PROBLEM TO SOLVE: In the records below, find the line containing "(100CV) GLP #1", then reproduce that line and every one after it to the end, exactly and alone.

───── DATA TO PROCESS ─────

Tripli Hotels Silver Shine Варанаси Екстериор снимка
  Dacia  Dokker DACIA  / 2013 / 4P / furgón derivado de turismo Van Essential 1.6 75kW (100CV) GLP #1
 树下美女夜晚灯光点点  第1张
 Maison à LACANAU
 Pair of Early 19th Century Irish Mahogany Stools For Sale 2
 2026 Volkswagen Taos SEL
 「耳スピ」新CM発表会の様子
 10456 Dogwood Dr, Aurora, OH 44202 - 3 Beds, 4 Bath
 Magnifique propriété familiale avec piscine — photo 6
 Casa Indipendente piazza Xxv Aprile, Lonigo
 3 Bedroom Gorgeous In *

─────

OUTPUT:
  Dacia  Dokker DACIA  / 2013 / 4P / furgón derivado de turismo Van Essential 1.6 75kW (100CV) GLP #1
 树下美女夜晚灯光点点  第1张
 Maison à LACANAU
 Pair of Early 19th Century Irish Mahogany Stools For Sale 2
 2026 Volkswagen Taos SEL
 「耳スピ」新CM発表会の様子
 10456 Dogwood Dr, Aurora, OH 44202 - 3 Beds, 4 Bath
 Magnifique propriété familiale avec piscine — photo 6
 Casa Indipendente piazza Xxv Aprile, Lonigo
 3 Bedroom Gorgeous In *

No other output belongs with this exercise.